• [Exercise aim]: From the entries, filter out every line that lacks "Renault" and copy the rest.

• [Extracted records]:
————
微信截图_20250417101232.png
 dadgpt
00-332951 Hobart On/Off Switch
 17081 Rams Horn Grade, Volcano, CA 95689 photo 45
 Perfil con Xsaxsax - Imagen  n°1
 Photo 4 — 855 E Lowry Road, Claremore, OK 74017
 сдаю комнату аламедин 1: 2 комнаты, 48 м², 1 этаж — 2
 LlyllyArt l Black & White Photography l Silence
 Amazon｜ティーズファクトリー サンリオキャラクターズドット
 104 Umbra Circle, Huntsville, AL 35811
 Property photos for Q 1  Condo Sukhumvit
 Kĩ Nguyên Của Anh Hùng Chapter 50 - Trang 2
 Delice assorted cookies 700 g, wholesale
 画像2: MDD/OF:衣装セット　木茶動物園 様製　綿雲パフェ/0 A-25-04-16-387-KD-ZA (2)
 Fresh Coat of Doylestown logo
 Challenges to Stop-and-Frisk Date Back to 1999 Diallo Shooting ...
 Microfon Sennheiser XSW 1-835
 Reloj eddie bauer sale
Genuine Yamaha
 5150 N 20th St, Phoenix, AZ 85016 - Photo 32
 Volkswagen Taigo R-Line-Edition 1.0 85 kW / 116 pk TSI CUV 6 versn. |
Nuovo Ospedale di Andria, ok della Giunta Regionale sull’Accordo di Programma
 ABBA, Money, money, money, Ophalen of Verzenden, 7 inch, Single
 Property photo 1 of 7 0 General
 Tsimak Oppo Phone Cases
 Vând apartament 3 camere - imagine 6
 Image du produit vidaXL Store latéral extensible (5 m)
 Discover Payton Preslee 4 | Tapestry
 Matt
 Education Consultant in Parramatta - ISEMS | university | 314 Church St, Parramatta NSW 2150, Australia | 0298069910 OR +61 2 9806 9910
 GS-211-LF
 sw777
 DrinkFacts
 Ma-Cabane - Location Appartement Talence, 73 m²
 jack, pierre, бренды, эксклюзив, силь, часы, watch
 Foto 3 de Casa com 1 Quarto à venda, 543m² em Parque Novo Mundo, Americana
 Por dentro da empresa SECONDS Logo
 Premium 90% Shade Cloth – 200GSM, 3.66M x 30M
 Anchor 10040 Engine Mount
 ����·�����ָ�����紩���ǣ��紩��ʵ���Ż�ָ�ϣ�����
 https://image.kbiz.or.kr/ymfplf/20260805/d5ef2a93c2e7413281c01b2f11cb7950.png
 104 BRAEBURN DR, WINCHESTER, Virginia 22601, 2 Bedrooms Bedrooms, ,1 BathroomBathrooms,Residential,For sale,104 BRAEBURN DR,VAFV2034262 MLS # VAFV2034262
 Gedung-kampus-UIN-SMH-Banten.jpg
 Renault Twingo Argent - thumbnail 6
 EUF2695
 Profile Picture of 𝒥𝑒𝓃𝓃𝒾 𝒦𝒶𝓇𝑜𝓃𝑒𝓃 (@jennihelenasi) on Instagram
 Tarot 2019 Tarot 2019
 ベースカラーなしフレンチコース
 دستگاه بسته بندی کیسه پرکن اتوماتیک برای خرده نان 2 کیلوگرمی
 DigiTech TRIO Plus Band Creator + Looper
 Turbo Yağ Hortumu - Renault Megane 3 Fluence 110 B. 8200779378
————
• [Task result]:
 Renault Twingo Argent - thumbnail 6
 Turbo Yağ Hortumu - Renault Megane 3 Fluence 110 B. 8200779378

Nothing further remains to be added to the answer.